On behalf of the Society of Black Lawyers and as a member of the youth wing of the organisation, I am delighted to be here this evening and to be able to play a part in acknowledging and celebrating the legacy of one of our Founding Fathers, the late Rudy Narayan.
That the Society of Black Lawyers still exists today, more than 40 years after it was co-founded by Mr. Narayan and Sighbat Kadric QC, is a testament to their vision, leadership and the realisation that there was indeed a need for an organisation of committed lawyers, who were interested, not only in their own progress as lawyers but also in the progress of the communities that they came from and ultimately served. At the time, in 1969, the then chairman of the Bar Council called the move divisive, unhelpful, and contrary to the traditions of the Bar. He went on to link the formation of the organisation to a form of ‘legal Apartheid’. The irony of his comments is that prior to 1973, only UK citizens could become solicitors, and therefore, by excluding ethnic minority lawyers on the basis of this citizenship test, the legal profession had itself been operating a form of apartheid for hundreds of years.

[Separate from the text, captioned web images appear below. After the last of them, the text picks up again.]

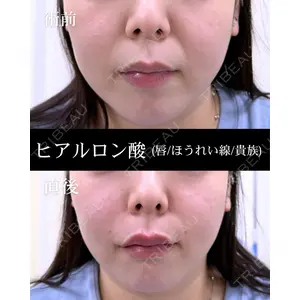 HAAB BEAUTY CLINIC 南青山本院（新院）の症例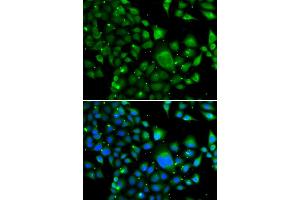 Immunofluorescence analysis of MCF-7 cells using WBSCR22 antibody (ABIN4905616). (WBSCR22 antibody)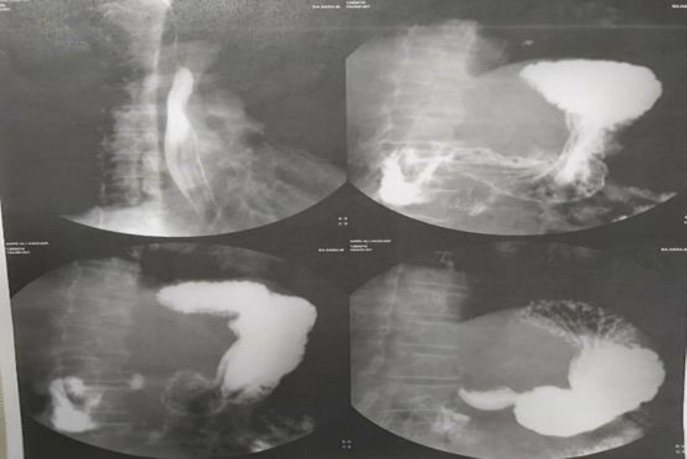 Upper GI series reported no evidence of fistula
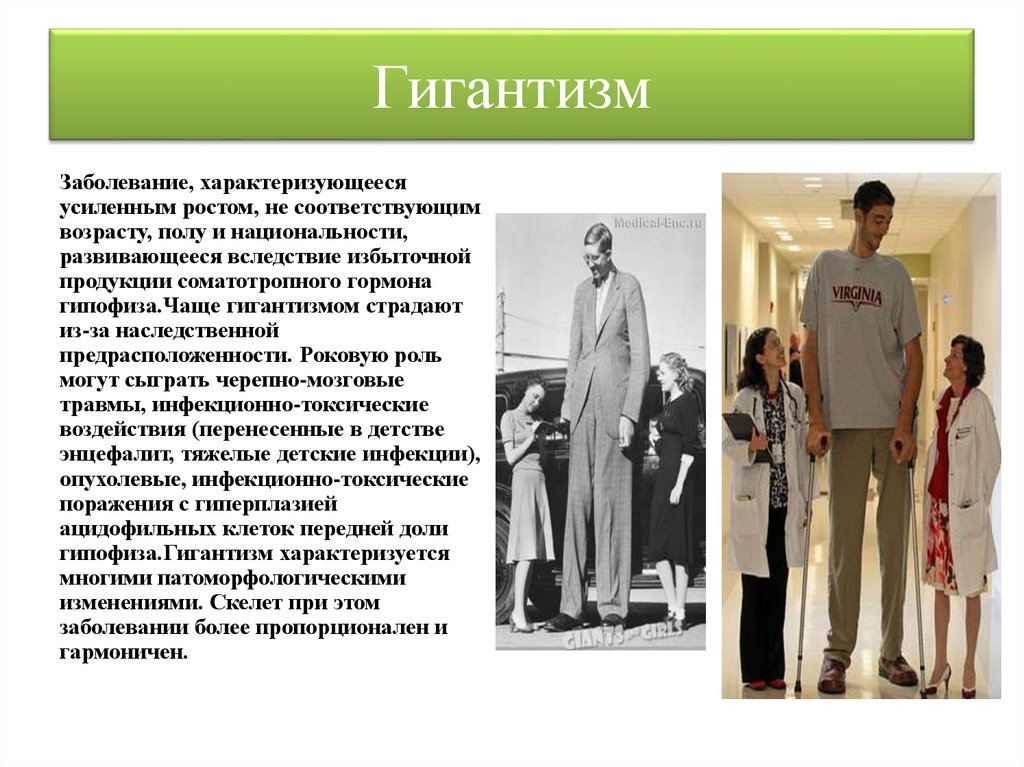 Легенды о людях низкого роста как называются. Заболевания эндокринной системы гигантизм. Гипофизарный гигантизм причины.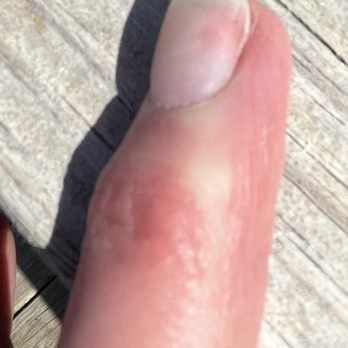 Alux Spa - Damaged nail bed, old acrylic. - Nail Salons Near Me - Brighton, Michigan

Today, the profession has become more diverse. Ethnic minority solicitors now make up 13% of the profession and 24% of all admissions to the Solicitors’ Roll. At the Bar, we make up 16% of all barristers. This progress is in no small part due to the campaigning work of the Society of Black Lawyers. The SBL has provided a progressive lead where other organisations have sought to follow.
That being said, challenges still remain and there is no room for complacency. A recent report, published only last month, into diversity in the legal profession found strong evidence of inequality in terms, conditions and rewards associated with gender, race and ethnicity. The legacy of the legal profession’s white, male elitist origins and the significance of cultural stereotypes continue to persist.
Let us also not forget what the impact of the Coalition Government’s recently announced cuts to the Legal Aid budget will be on ethnic minority communities and their ability to obtain vital legal advice and representation within a publicly funded service that is being butchered by the most savage cuts in its 60 year history. Access to justice and community service have always been cornerstones of the SBL’s body politic. They are fundamental principles upon which Rudy co-founded the organisation.
And now, as we enter a new period in this country’s history that will see us return to the days of state-sanctioned racial profiling via the Coalition Government’s plans to allow police to stop people on the grounds of skin colour, we must ask ourselves whether the factors that gave rise to the creation of the Society of Black Lawyers back in 1969 still remain in 2010. I believe that they do.
The erection of this blue heritage plaque to one of the SBL’s Founding Fathers is our tribute and our legacy. It is our way of saying ‘thank you’. That Rudy Narayan may have left us does not mean that he has been forgotten. His spirit, fearlessness and legal activism continue to inspire us all and his invaluable work of challenging racism, inequality and injustice continues.